No.   The selfish gene is not selfish – and if it were selfish it would actually be less successful in propagating itself because it does not sufficiently know what its best interests are.  Lehman and Bear Stearns – the latter the business which ‘made nothing but money’ – were not successful over the long run because the ethos of ‘making nothing but money’ was not conducive to creating a sustainable organisation.   Only profitable firms can survive, but it does not follow – and is not in fact true – that the firms which survive are those most oriented to making profits.  Scrooge is not a happy individual because he does not understand wherein happiness lies – that it lies not in selfish behaviour but in interaction with others.  The happiest people are not necessarily those who are most determined in their pursuit of personal happiness.

Our cousins and parents in law may not be people with whom we would naturally have chosen to spend spare time with.  But the effectiveness of family bonds in supporting childhood, old age, and other dependency has ensured that the maintenance of these bonds on ritual occasions is part of every culture.  Gift exchange is a means of establishing and reaffirming social obligation and reciprocity, and similarly universally practised.  Our judgment of what the recipient will value is  a means of demonstrating intimacy (or failing to do so).  People who discern irrationality in these behaviours display only the limits of their own conception of rationality.

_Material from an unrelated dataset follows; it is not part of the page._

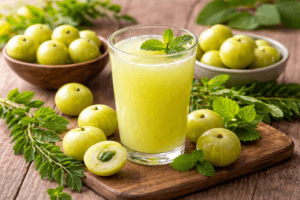 “A glass of amla juice surrounded by fresh Indian gooseberries, representing the Ayurvedic benefits of daily amla consumption for mental clarity and digestive wellness.”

And why do we eat too much, and break our New Year resolutions?   Because we do not have the consistent preferences which a narrow conception of rationality requires.  We want to eat well, and also to be thin – and the preferences which were wired into our brains when food was scarce are not necessarily appropriate when food is only a call to the pizza delivery service away.   We want to be naughty, and for Santa to bring us lovely presents, and experience shows that usually he will.  Evolution is smarter than you, and a lot smarter than rational economic man.